[ACTIVITY]:
The lines below, from the one holding "Pronájem bytu 2+kk, Praha" through the one holding "3054 Adrian Avenue - Photo 13", are to be restated word for word, with all images left out.

INPUT RECORDS section start

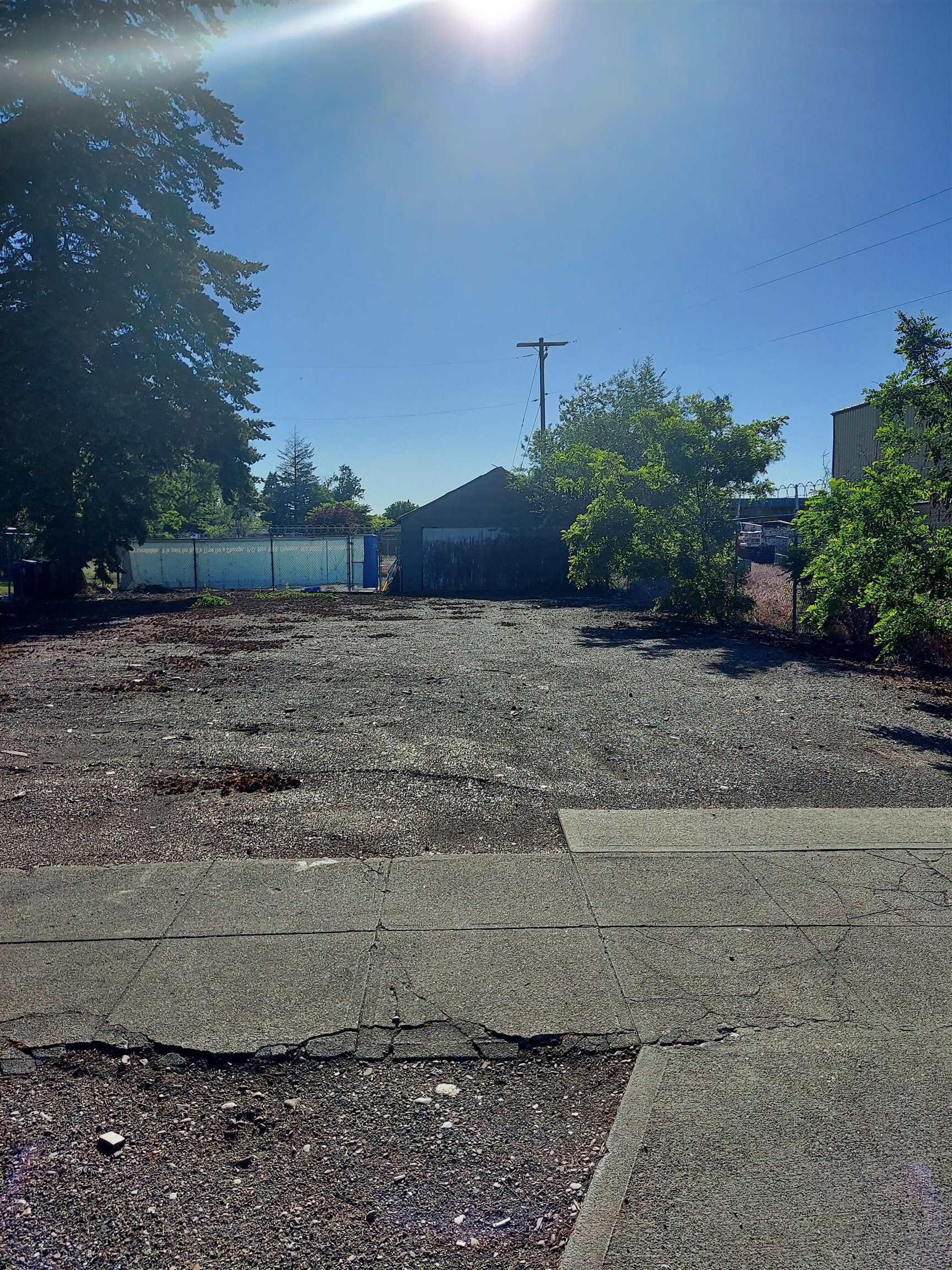 Property Photo:  2517 N Dakota St  WA 99207 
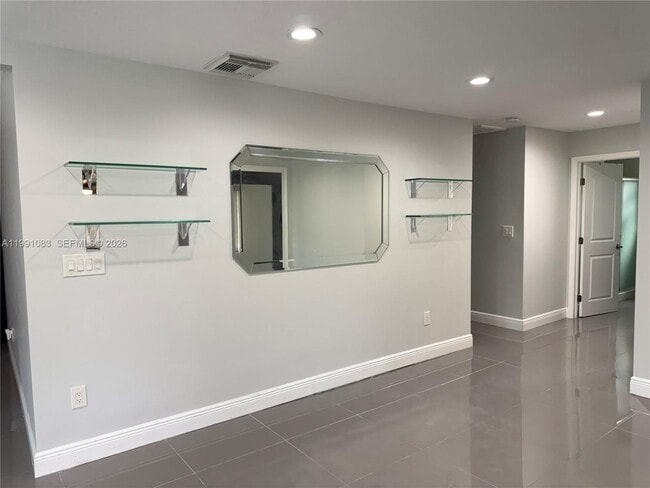 Building Photo - 5488 Fearnley Rd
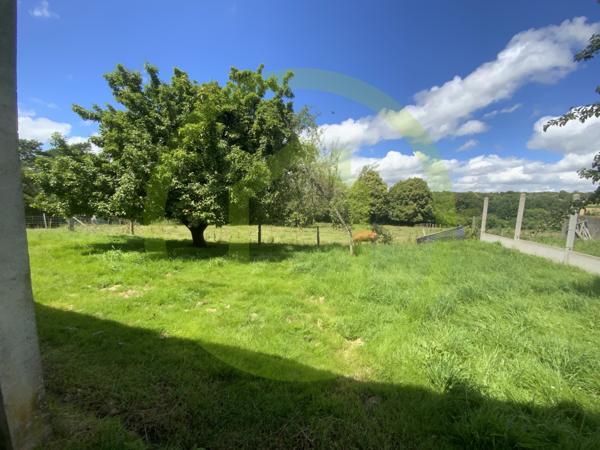 Bâtiment à LA FORET DU TEMPLE (23360)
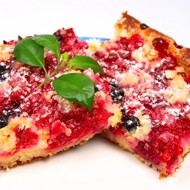 Пицца с ягодами
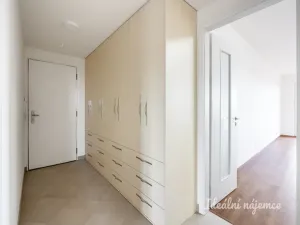 Pronájem bytu 2+kk, Praha - Střížkov, Bešťákova, 65 m2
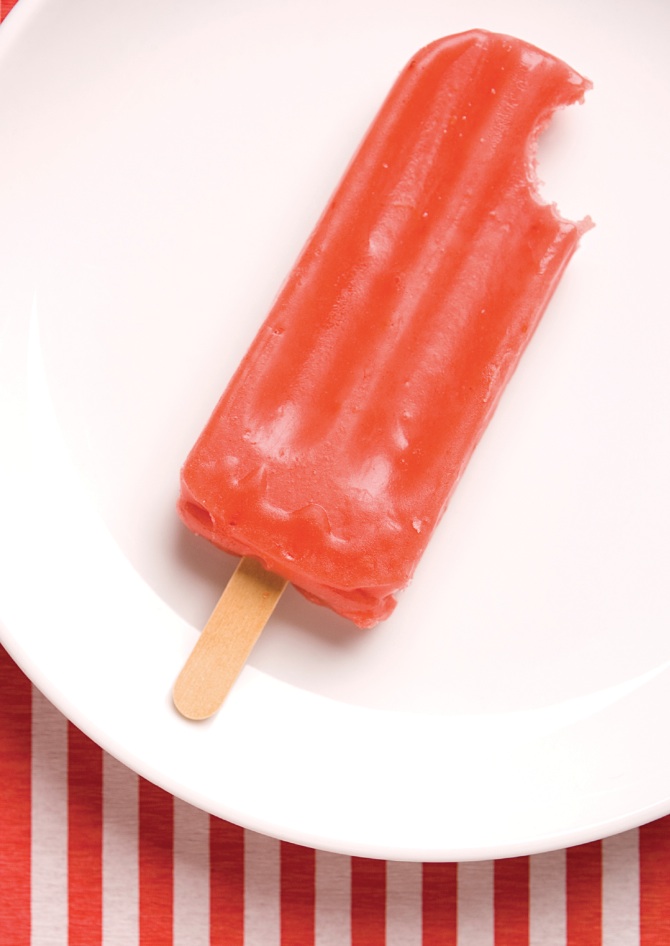 Living as We Review 200 Best Ice Pop Recipes by Andrew Chase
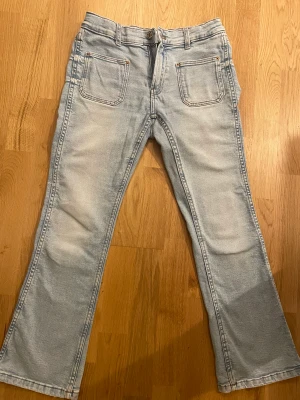Bootcut lågmidjade jeans - Har använts 1 gång, stl 164 13/14 år, de är lågmidjade och Bootcut i passform🤍🤍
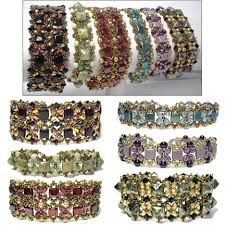 Around The Beading Table Chip Bead Jewelry Jewelry Patterns Beautiful Beaded Bracelet
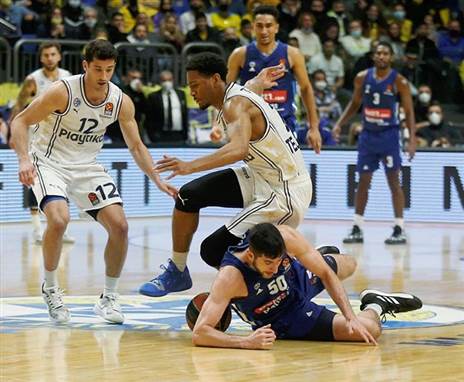 זוסמן נפרד מהחברים לשעבר (צילום: אלן שיבר)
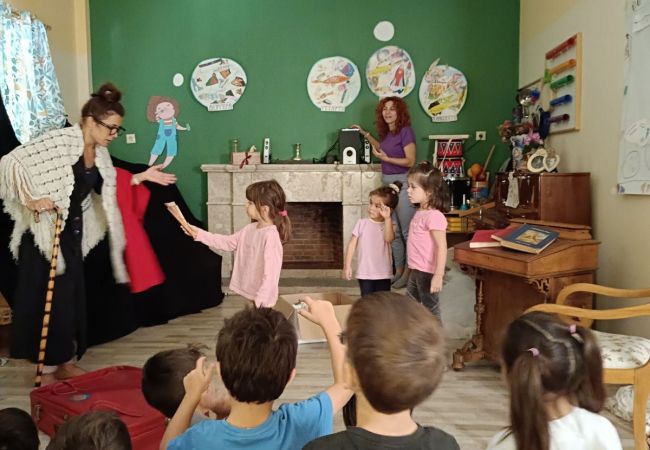 «Στη σοφίτα της γιαγιάς»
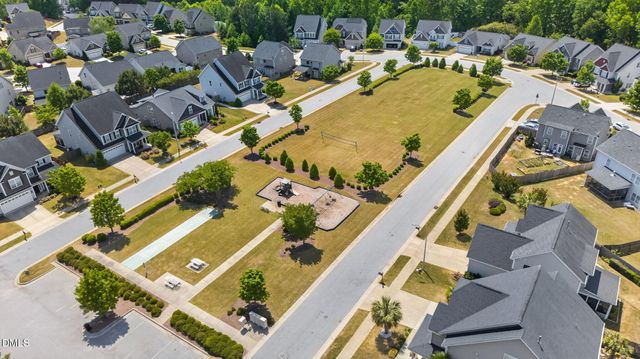 422 Lone Pine Loop, Fuquay Varina, NC 27526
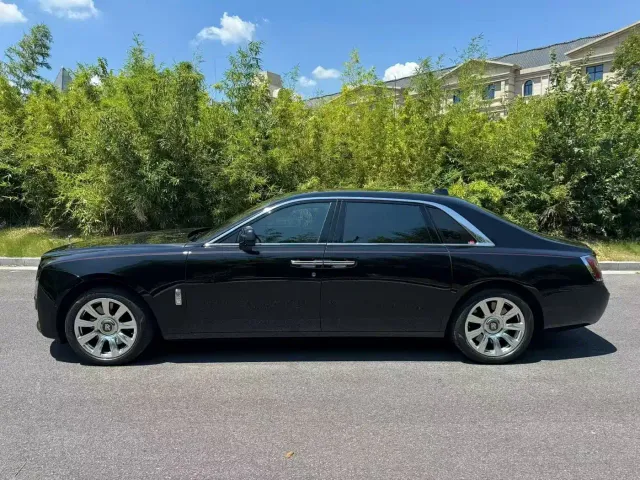 Rolls-Royce Ghost — Фото автомобиля 3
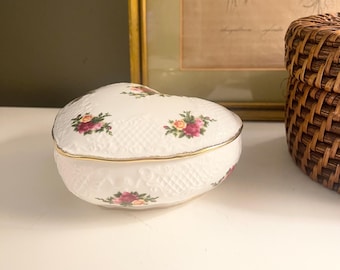 HOLIDAY DECOR & GIFTS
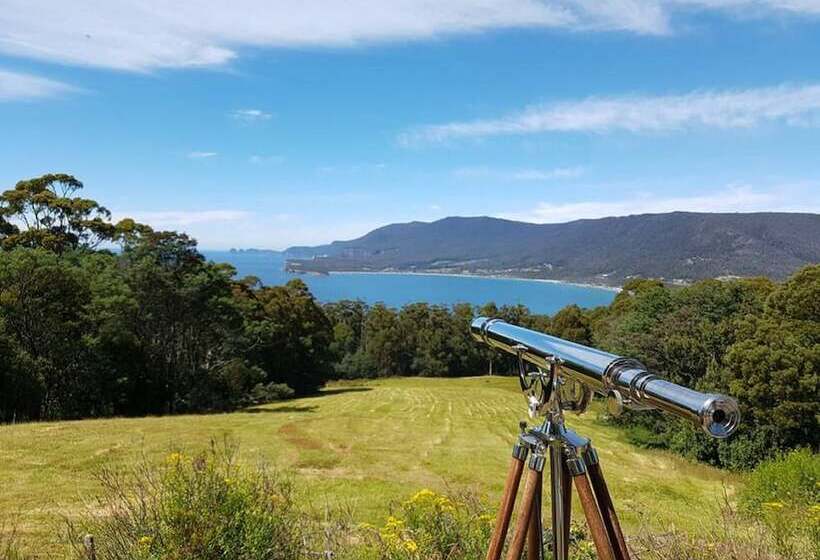 Eaglehawk Rainforest Retreat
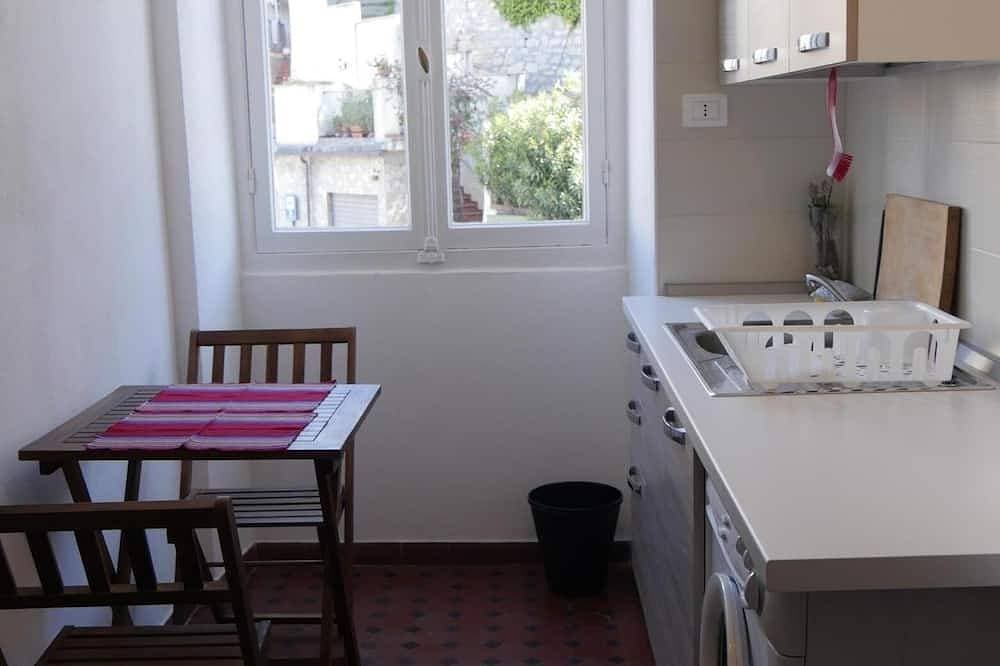 Foto 12 von 22: Wunderschönes Apartment am Meer in einem historischen Gebäude in Oneglia, Riviera dei Fior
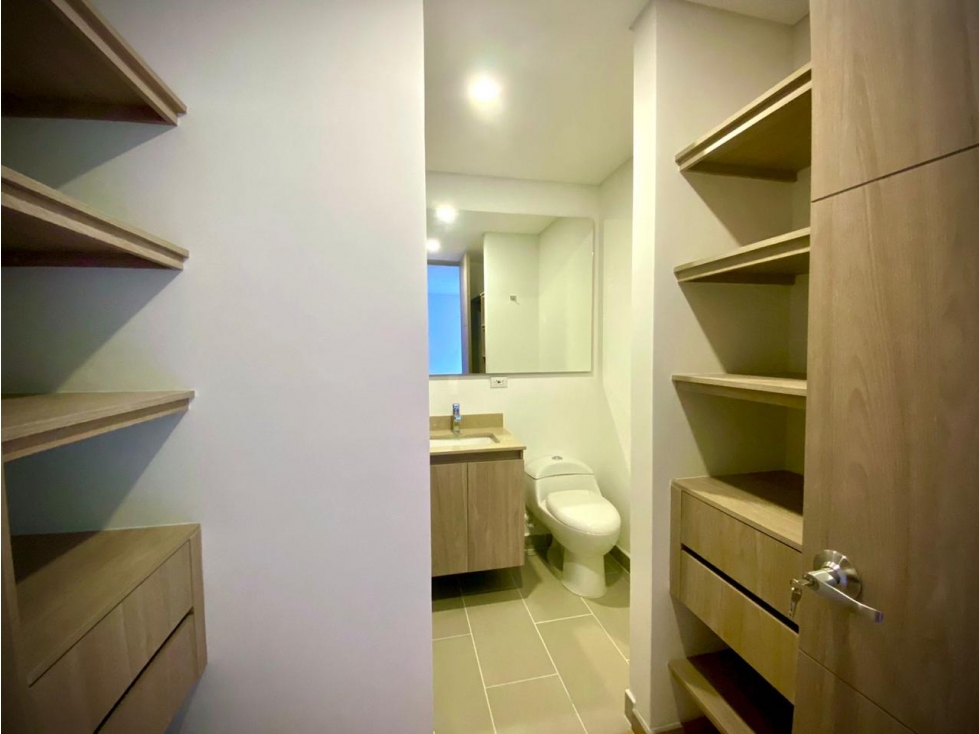 Apartamento en venta en El Retiro: construcción 2024, entorno natural — foto 4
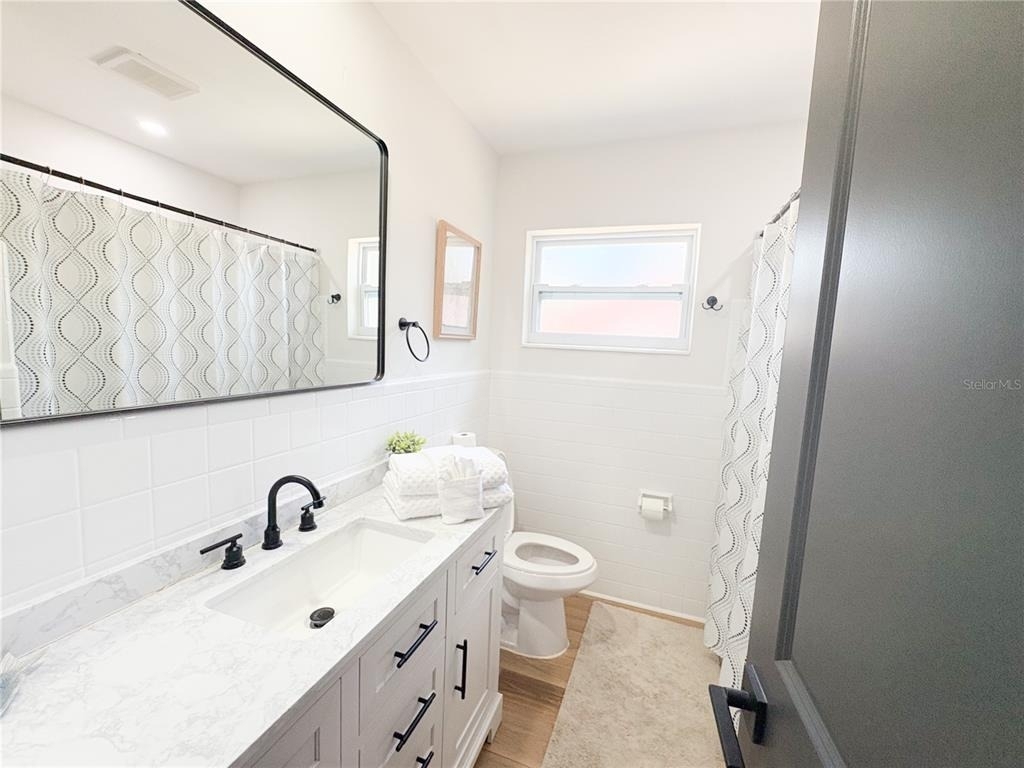 3054 Adrian Avenue - Photo 13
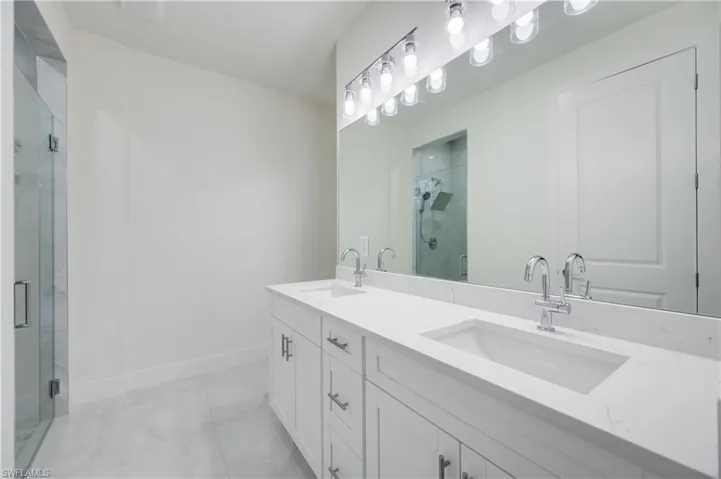 Main Bedroom Bathroom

INPUT RECORDS section end

[WRITTEN ANSWER]:
 Pronájem bytu 2+kk, Praha - Střížkov, Bešťákova, 65 m2
 Living as We Review 200 Best Ice Pop Recipes by Andrew Chase
Bootcut lågmidjade jeans - Har använts 1 gång, stl 164 13/14 år, de är lågmidjade och Bootcut i passform🤍🤍
 Around The Beading Table Chip Bead Jewelry Jewelry Patterns Beautiful Beaded Bracelet
 זוסמן נפרד מהחברים לשעבר (צילום: אלן שיבר)
 «Στη σοφίτα της γιαγιάς»
 422 Lone Pine Loop, Fuquay Varina, NC 27526
 Rolls-Royce Ghost — Фото автомобиля 3
 HOLIDAY DECOR & GIFTS
 Eaglehawk Rainforest Retreat
 Foto 12 von 22: Wunderschönes Apartment am Meer in einem historischen Gebäude in Oneglia, Riviera dei Fior
 Apartamento en venta en El Retiro: construcción 2024, entorno natural — foto 4
 3054 Adrian Avenue - Photo 13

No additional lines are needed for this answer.